Records provided: Begin
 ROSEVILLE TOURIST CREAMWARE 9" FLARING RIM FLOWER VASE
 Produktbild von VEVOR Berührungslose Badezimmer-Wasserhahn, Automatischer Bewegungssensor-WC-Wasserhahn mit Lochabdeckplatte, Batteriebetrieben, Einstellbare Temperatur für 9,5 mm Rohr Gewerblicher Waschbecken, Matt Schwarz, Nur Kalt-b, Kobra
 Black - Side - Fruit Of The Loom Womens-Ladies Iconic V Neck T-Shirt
Records provided: End
Records provided: Begin
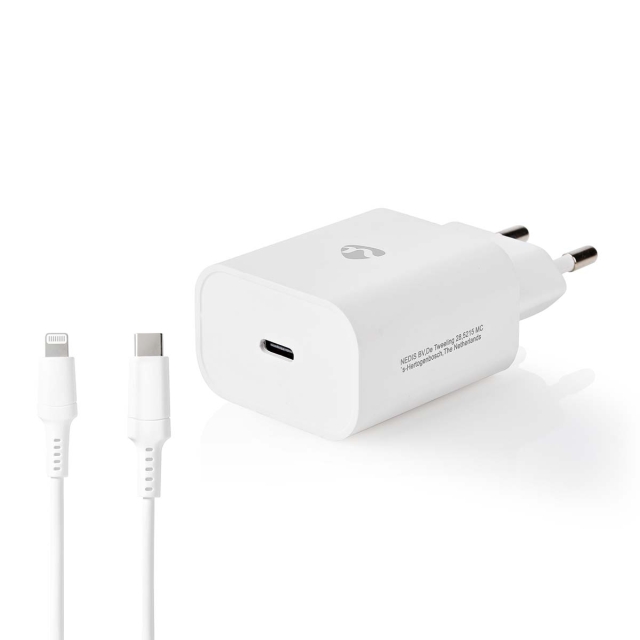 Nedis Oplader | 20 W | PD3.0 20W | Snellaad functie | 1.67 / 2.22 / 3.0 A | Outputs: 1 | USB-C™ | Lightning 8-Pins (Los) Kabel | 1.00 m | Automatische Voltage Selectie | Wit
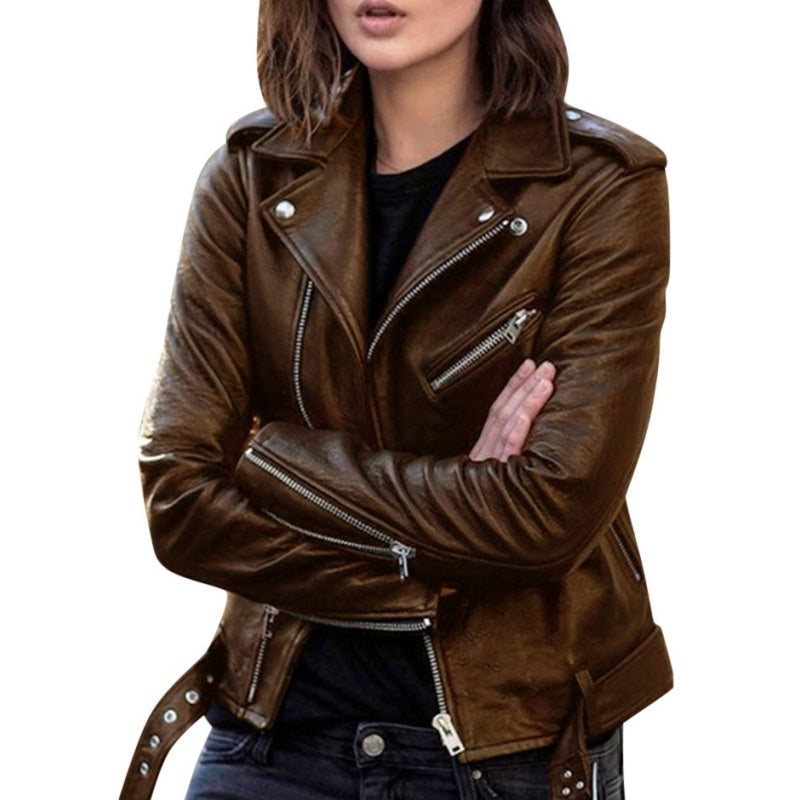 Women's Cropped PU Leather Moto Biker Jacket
Records provided: End
Records provided: Begin
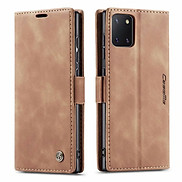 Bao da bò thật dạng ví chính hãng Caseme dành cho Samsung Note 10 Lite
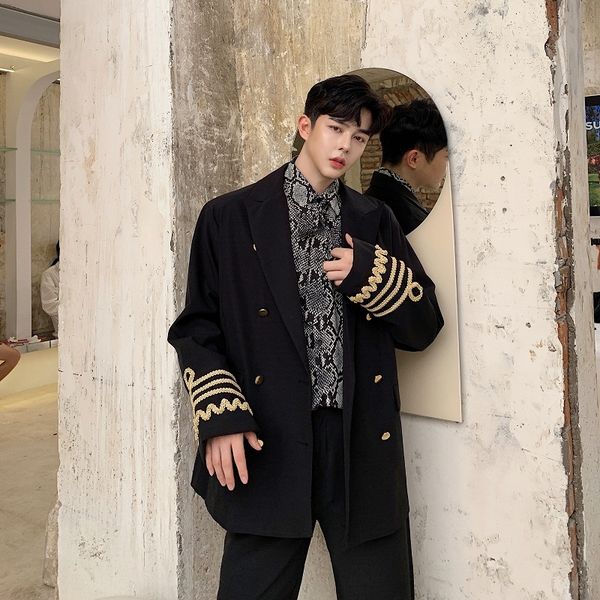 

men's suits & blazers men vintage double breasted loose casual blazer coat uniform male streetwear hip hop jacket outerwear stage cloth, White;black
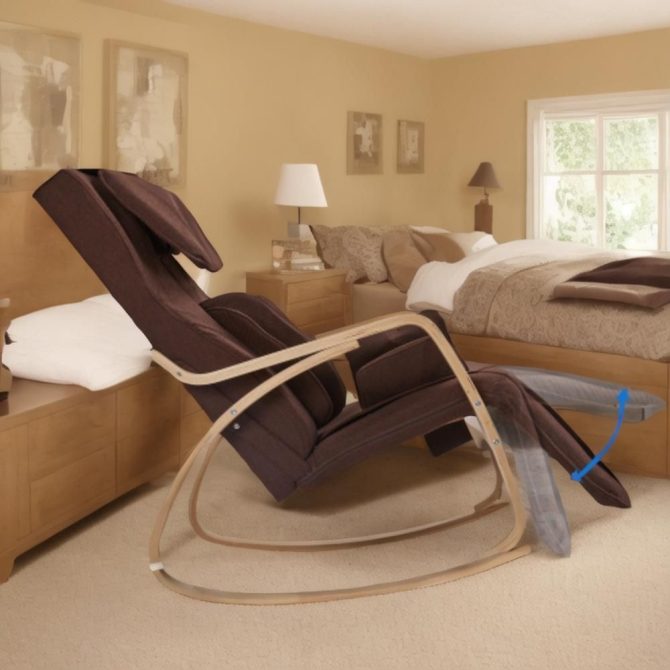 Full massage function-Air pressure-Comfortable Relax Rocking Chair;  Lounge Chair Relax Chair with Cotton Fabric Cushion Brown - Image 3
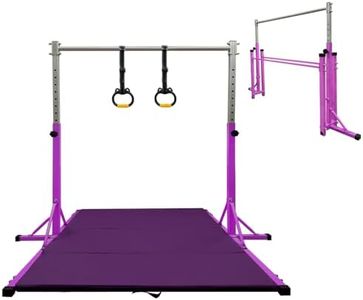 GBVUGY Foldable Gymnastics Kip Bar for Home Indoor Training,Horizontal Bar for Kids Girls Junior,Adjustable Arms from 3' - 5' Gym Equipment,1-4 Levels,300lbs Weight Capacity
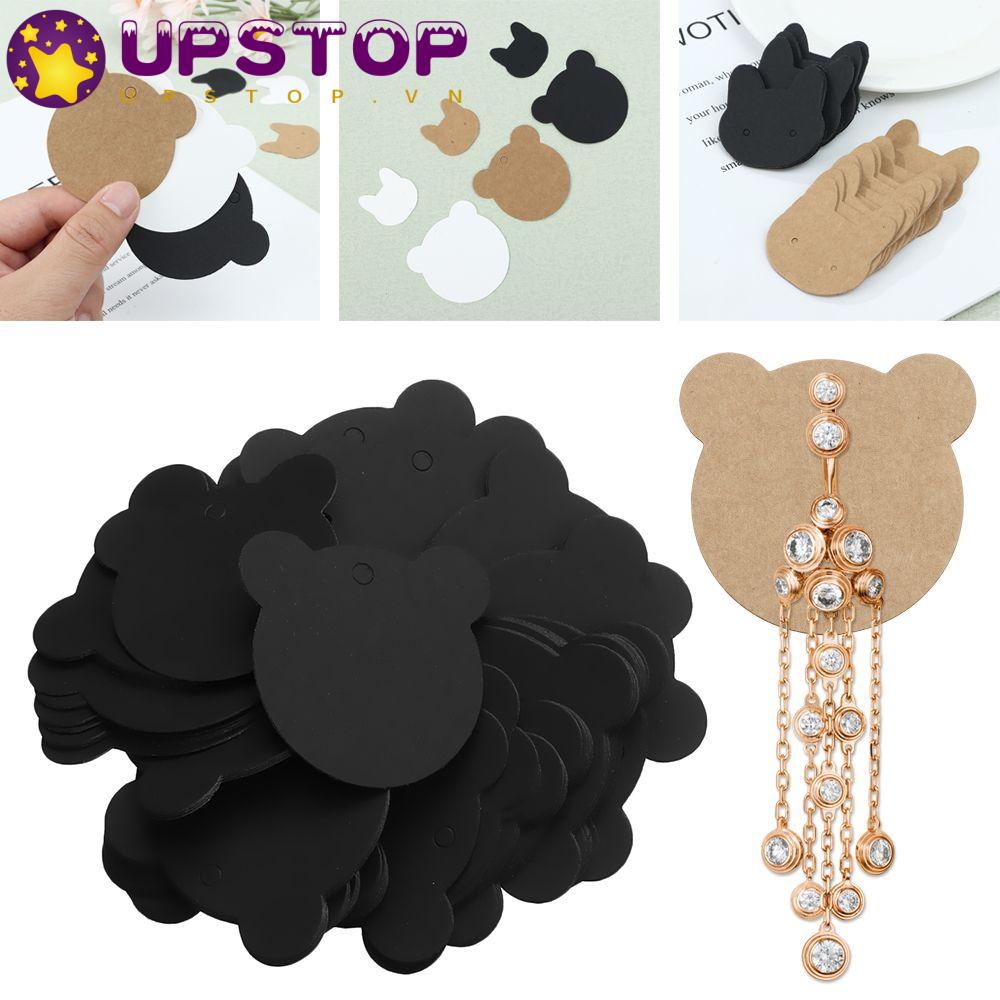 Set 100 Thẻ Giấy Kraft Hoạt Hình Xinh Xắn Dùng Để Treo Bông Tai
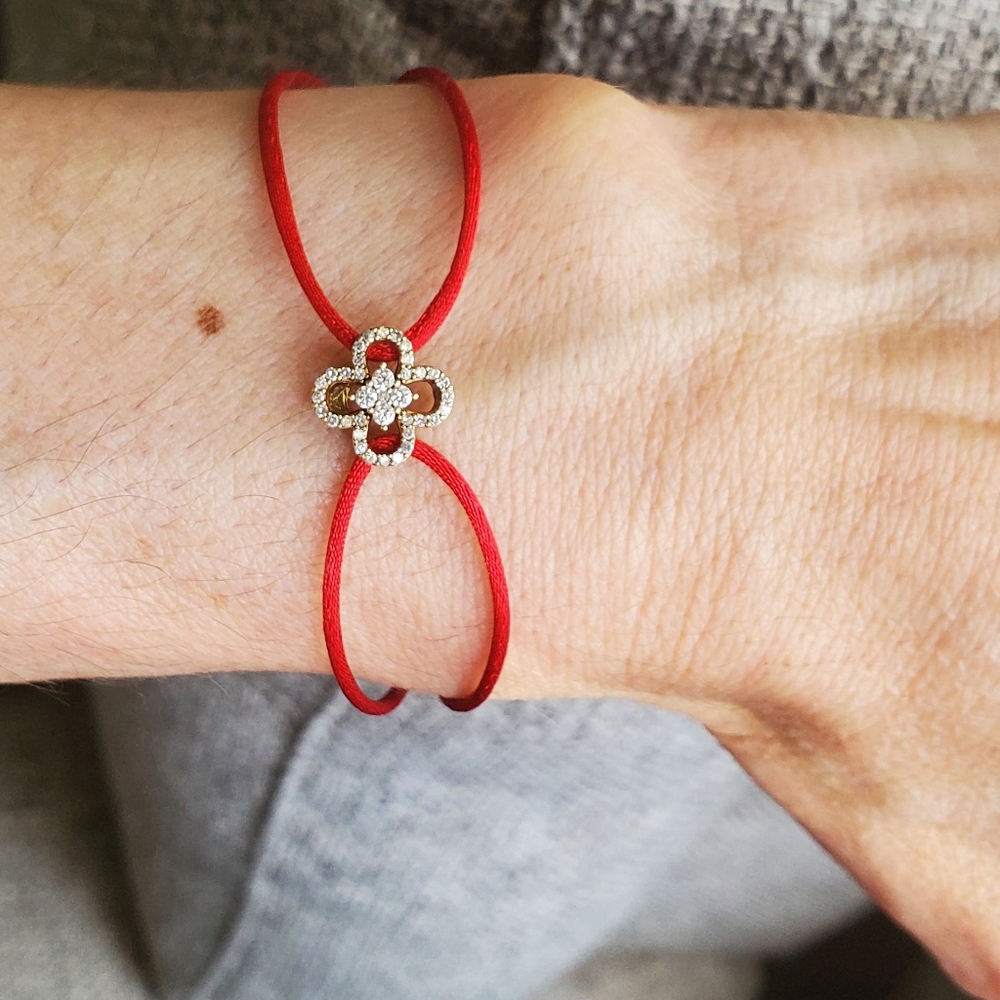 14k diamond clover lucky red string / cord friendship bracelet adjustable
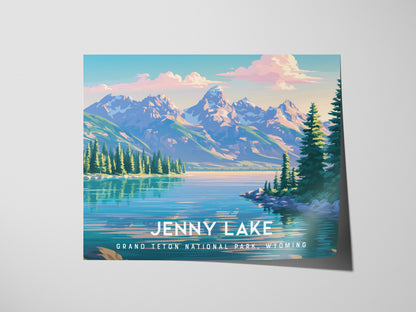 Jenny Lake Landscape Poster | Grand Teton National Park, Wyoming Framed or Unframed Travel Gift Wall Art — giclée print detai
Records provided: End
What this task involves
Using the listing above, copy exactly the line that contains "ROSEVILLE TOURIST CREAMWARE", the line that contains "Black - Side", and each line that falls between them.

Response to the exercise
 ROSEVILLE TOURIST CREAMWARE 9" FLARING RIM FLOWER VASE
 Produktbild von VEVOR Berührungslose Badezimmer-Wasserhahn, Automatischer Bewegungssensor-WC-Wasserhahn mit Lochabdeckplatte, Batteriebetrieben, Einstellbare Temperatur für 9,5 mm Rohr Gewerblicher Waschbecken, Matt Schwarz, Nur Kalt-b, Kobra
 Black - Side - Fruit Of The Loom Womens-Ladies Iconic V Neck T-Shirt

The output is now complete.